Olga Tokarczuk brilliantly connects travel with spellbinding anecdotes about anatomy, about life and death, about the very nature of humankind. Thrilling characters and stories abound: the Russian sect who escape the devil by remaining constantly in motion; the anatomist Verheyen who writes letters to his amputated leg; the story of Chopin’s heart as it makes its journey from Paris to Warsaw, stored in a tightly sealed jar beneath his sister’s skirt; the quest of a Polish woman who emigrated to New Zealand as a teen but must now return in order to poison her terminally ill high-school sweetheart…

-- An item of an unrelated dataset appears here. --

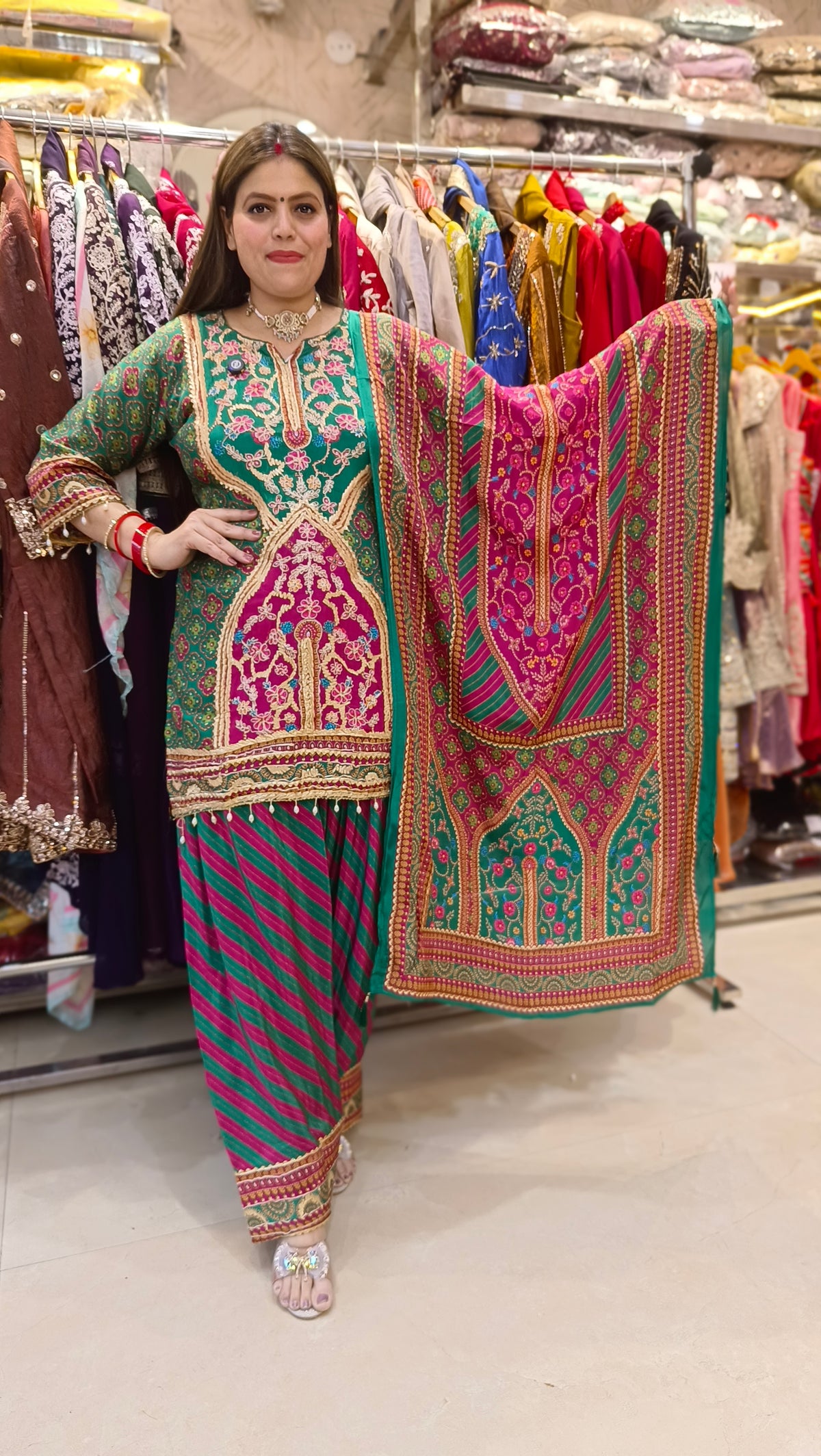 PURE CREPE GOTA PATTI WORK FARSHI SALWAR SUIT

You will never read anything like this extraordinary, utterly original, mind-expanding book. Many consider Tokarczuk to be the most important Polish writer of her generation and Flights is one of those rare books that seems to conjure life itself out of the air.

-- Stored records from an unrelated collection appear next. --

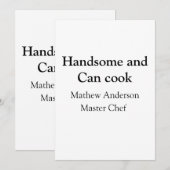 Invitation Handsome et peut cuisiner ajouter nom maître chef  (Devant / Derrière)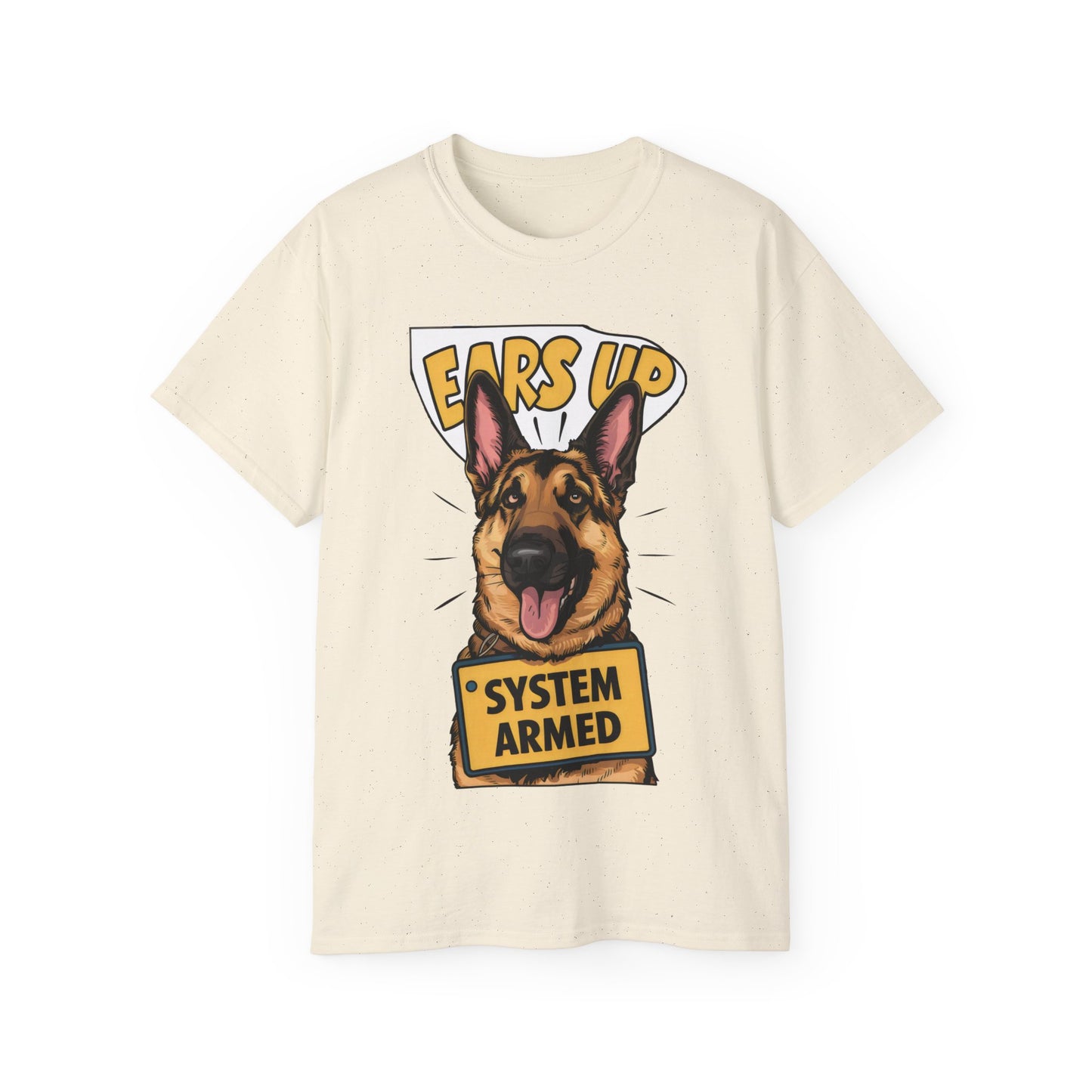 Cute Dog Cartoon Ears Up System Armed Meme Unisex Organic T-Shirt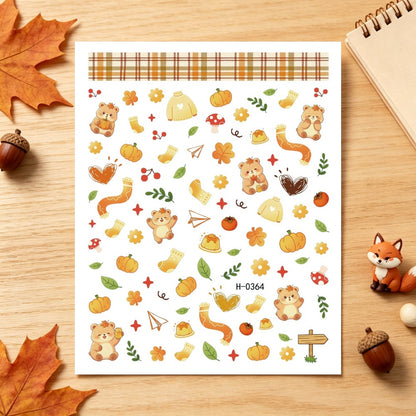 Herbst-Themen Nagelkunst Aufkleber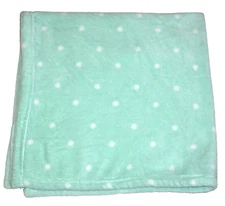 Cloud Island Target Green White Polka Dot Baby Blanket Soft Security 28x29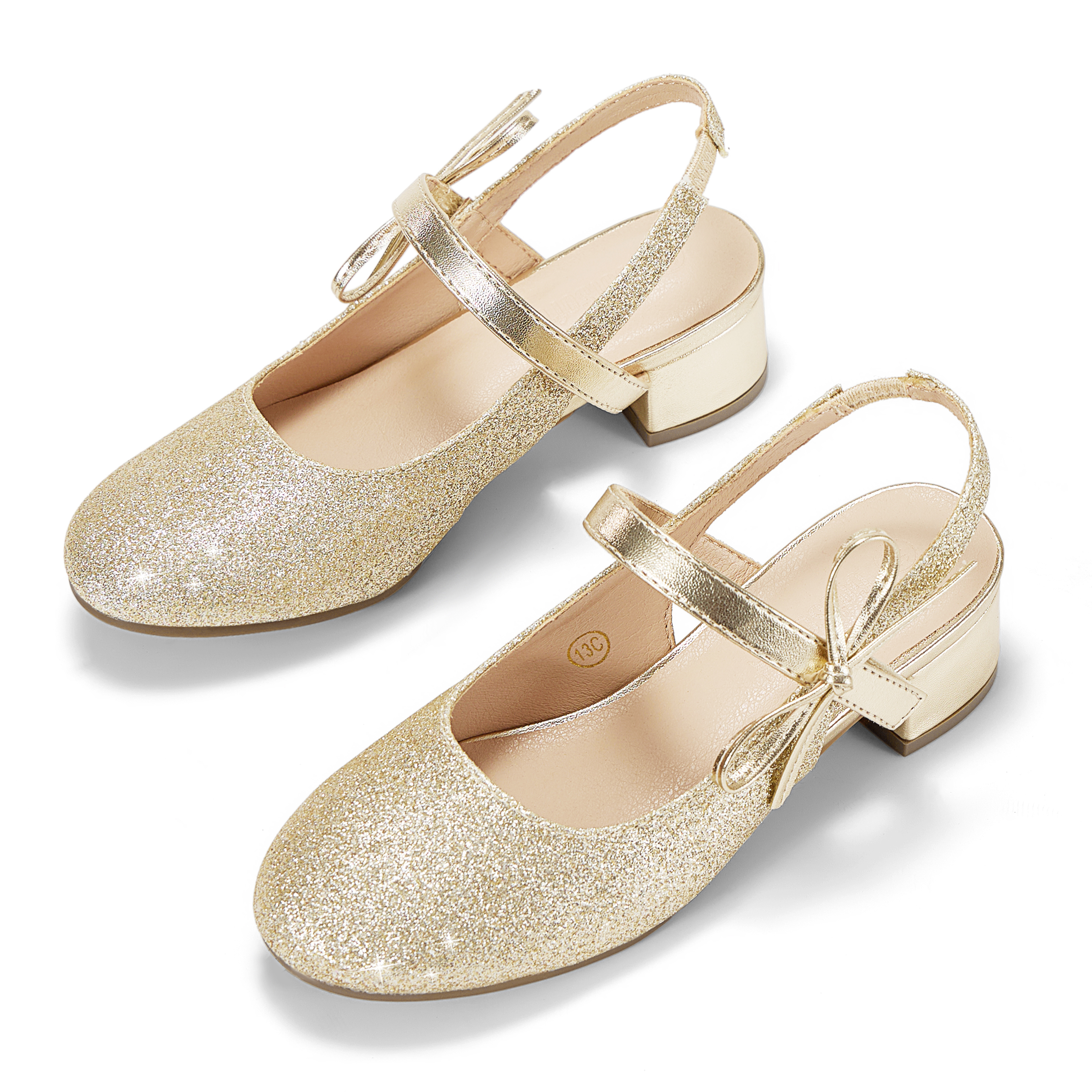 Girls Dress Shoes Low Heel Slingback Mary Jane Bow Pumps Adjustable Hook and Loop Back Strap Low Heel Shoes with Bow, for Wedding, Party, School, Toddler, Little & Big Kid Dress-up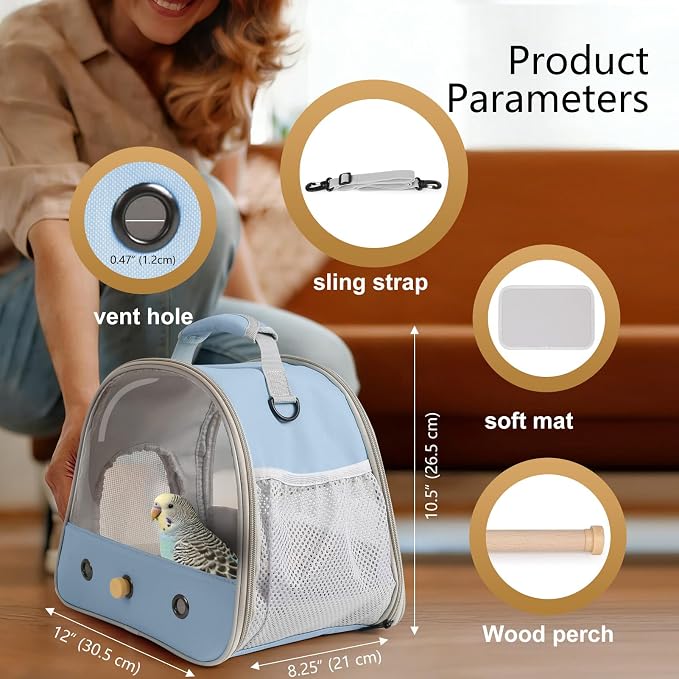 Bird Travel Carrier, Portable Small Bird Parrot Parakeet Carrier - Image 2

Olga Tokarczuk is one of Poland’s best and most beloved authors. In 2015 she received the Brueckepreis and the prestigious annual literary award from Poland’s Ministry of Culture and National Heritage, as well as Poland’s highest literary honor, the Nike, and the Nike Readers’ Prize. Tokarczuk also received a Nike in 2009 for Flights. She is the author of eight novels and two short story collections, and has been translated into a dozen languages.
Jennifer Croft is the recipient of Fulbright, PEN, MacDowell and National Endowment for the Arts grants and fellowships, as well as the Michael Henry Heim Prize for Translation. She holds a PhD from Northwestern University and an MFA from the University of Iowa.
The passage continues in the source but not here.